What needs to be done: Repeat verbatim, and only, the lines of the data below, beginning at the line that contains "2021 Buick Excelle" and stopping after the line that contains "On The Night Dire Straits Album Cover".

(Items from a dataset)
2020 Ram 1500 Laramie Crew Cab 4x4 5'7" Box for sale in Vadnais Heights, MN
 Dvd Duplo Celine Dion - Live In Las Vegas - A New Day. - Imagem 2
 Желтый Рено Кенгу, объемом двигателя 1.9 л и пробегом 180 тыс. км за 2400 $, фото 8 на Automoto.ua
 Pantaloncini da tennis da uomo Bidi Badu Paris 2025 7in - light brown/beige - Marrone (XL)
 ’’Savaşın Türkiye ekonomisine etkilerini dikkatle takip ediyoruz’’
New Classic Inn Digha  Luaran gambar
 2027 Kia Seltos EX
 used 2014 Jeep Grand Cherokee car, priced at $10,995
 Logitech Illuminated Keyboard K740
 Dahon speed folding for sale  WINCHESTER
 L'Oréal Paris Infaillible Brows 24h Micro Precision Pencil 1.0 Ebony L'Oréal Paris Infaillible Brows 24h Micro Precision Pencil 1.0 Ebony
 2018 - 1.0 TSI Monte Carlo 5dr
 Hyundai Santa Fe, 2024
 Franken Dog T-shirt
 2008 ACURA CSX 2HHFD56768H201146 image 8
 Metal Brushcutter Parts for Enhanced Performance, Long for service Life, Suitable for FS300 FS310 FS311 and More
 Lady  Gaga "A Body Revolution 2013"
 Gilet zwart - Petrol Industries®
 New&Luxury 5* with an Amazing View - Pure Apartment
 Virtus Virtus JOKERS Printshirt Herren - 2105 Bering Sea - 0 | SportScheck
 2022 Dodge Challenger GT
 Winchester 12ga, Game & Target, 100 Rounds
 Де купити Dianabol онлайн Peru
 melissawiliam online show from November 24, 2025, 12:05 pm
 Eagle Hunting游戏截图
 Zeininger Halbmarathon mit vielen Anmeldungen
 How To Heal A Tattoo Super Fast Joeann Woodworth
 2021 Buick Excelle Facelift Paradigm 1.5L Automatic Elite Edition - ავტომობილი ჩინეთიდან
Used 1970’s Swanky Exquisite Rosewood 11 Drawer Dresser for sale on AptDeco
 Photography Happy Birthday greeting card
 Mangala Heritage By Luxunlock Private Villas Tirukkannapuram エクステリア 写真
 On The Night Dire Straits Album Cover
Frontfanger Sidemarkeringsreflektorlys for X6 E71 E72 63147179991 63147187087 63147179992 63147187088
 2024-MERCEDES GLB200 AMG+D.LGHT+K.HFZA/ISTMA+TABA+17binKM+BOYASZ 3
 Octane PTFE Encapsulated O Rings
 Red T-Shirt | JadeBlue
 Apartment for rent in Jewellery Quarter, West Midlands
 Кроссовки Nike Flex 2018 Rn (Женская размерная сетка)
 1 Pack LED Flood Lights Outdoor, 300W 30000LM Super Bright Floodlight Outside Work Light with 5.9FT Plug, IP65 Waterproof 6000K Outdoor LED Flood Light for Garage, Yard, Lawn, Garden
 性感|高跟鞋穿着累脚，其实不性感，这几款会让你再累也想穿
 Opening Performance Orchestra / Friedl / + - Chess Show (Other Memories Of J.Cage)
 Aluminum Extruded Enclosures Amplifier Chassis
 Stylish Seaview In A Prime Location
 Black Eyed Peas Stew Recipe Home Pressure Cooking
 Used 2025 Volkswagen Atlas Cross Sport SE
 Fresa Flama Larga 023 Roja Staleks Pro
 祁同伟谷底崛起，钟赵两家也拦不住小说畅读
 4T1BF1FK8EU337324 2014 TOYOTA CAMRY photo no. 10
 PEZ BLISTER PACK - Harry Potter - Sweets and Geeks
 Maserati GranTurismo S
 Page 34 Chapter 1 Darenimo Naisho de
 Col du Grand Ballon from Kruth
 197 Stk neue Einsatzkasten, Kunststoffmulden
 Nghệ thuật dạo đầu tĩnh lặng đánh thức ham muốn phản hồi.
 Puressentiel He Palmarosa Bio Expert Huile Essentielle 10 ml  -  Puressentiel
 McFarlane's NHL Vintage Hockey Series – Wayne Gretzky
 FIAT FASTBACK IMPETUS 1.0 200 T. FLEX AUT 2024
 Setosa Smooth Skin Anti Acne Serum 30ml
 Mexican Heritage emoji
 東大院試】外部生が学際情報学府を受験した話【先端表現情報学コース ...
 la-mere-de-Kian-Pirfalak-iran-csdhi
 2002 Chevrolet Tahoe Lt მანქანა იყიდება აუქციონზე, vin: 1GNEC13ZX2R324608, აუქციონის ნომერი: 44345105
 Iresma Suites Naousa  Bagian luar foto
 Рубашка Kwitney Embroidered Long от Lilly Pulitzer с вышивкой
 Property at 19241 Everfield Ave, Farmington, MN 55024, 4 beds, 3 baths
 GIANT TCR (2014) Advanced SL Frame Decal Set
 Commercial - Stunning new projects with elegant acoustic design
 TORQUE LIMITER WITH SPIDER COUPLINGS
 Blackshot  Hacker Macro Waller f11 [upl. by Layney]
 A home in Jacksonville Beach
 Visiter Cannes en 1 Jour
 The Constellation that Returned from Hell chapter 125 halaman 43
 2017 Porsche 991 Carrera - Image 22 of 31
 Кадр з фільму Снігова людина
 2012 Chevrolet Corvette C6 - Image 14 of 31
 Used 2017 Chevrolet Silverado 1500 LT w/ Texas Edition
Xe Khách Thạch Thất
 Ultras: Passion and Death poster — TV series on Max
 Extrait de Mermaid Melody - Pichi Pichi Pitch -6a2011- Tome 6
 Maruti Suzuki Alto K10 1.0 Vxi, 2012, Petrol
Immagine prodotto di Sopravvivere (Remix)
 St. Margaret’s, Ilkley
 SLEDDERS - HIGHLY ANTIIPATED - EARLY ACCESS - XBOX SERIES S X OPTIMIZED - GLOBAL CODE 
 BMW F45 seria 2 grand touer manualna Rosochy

Solution below:
 2021 Buick Excelle Facelift Paradigm 1.5L Automatic Elite Edition - ავტომობილი ჩინეთიდან
Used 1970’s Swanky Exquisite Rosewood 11 Drawer Dresser for sale on AptDeco
 Photography Happy Birthday greeting card
 Mangala Heritage By Luxunlock Private Villas Tirukkannapuram エクステリア 写真
 On The Night Dire Straits Album Cover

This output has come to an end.